This premise forms the basis for Business for Development, a new WBCSD report that makes the business case for sustainable development by illustrating how the private sector is taking an active role in the achievement of the Millennium Development Goals.
Business and development are two sides of the same coin, explains WBCSD President Björn Stigson. “Business cannot succeed in societies that fail. Likewise, where and whenever business is stifled, societies fail to thrive.”
Business solutions accelerate the pace of development efforts considerably, says the report. A growing number of companies are investing in new business ideas that have clear development benefits, especially in terms of creating opportunities for people. These ideas include designing products and services that address specific needs of the poor, increasing sourcing from local suppliers and involving low-income communities in the delivery of innovative products and services.
SC Johnson in Kenya, GrupoNueva in Guatemala, Rabobank and Unilever in Indonesia are all working to boost the competitiveness of local low-income farmers, significantly improving their livelihoods. France’s electricity utility, EDF, is providing affordable solar energy to villagers in Morocco, too remote to be connected to the national grid. Procter & Gamble has developed a low-cost product that purifies drinking water where no source is available.

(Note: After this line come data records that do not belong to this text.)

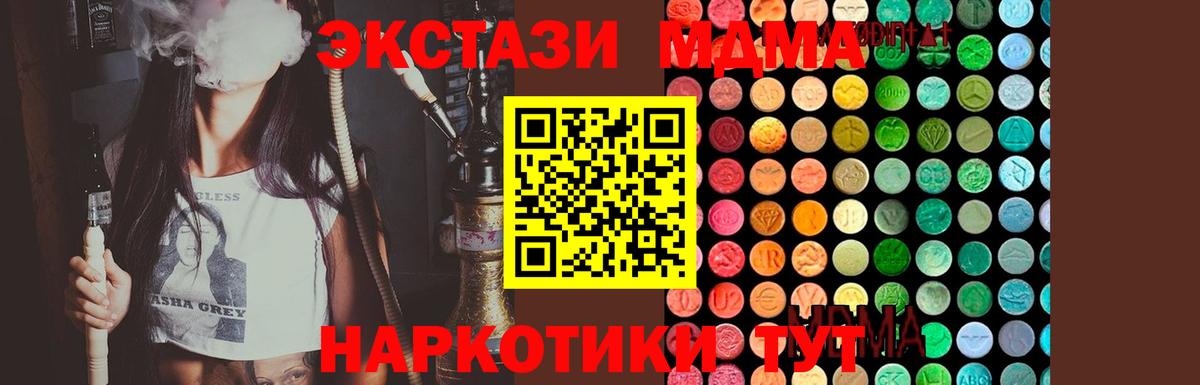 MDMA Molly  MDMA молли  Новокубанск  MDMA  Вход с VPN 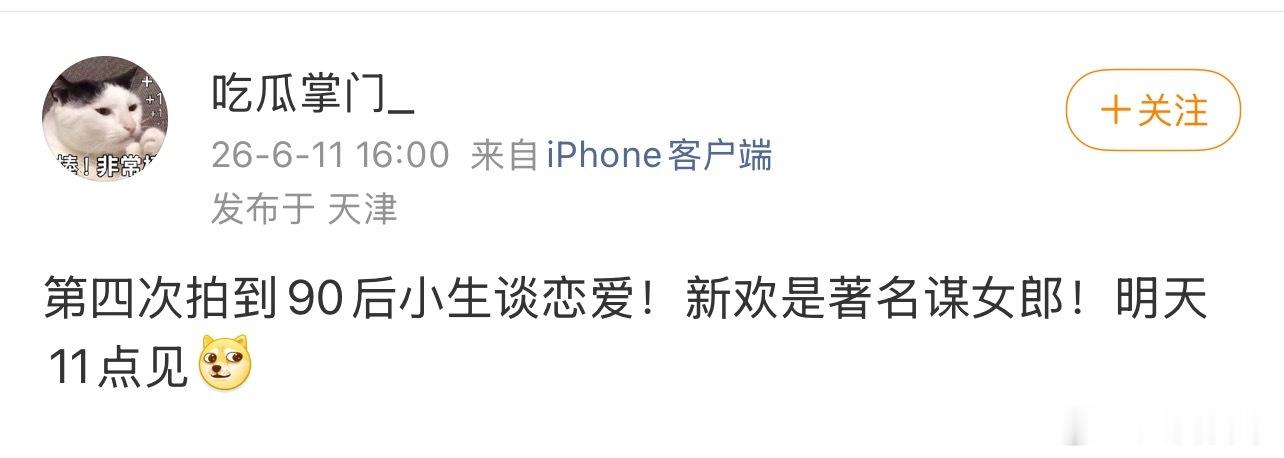 明天有🍉90后小生和著名谋女郎谈恋爱 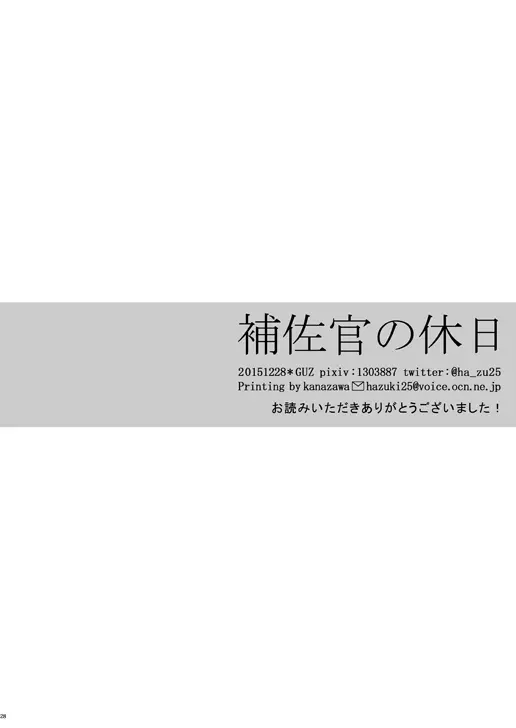 補佐官様の休日 27ページ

Increasingly policy makers realize the potential of market forces in encouraging economic development and its benefits. NGOs are also becoming more and more active in working with companies to identify needs, communicate with low-income communities, distribute products in remote areas, and even collect revenues. As UN Secretary-General Kofi Annan has said:
“It is the absence of broad-based business activity, not its presence, that condemns much of humanity to suffering. Indeed, what is utopian is the notion that poverty can be overcome without the active engagement of business.”
The Millennium Development Goals represent a huge challenge and it is becoming increasingly clear that governments and civil society will not be able to deliver on their commitments without the participation of business. The private sector has shown that it can contribute business solutions to development challenges – and that companies have the appetite and the capacity to deliver much more of this.
However, business does not operate in a vacuum. Capital shuns high-risk countries. It is up to governments to create a stable investment climate through steady, long-term commitment, action and coherent strategies that intimately involve the private sector as well as civil society. The Business for Development publication provides a useful starting point.
Business for Development will be released at the WBCSD’s Development Dialogue event, to be held in New York on September 14, 2005. This invitation-only event is a chance for government officials and representatives of WBCSD member companies to discuss private sector participation in the Millennium Development Goals, as the United Nations World Summit provides little scope for this. The report will be available the same day on the WBCSD website.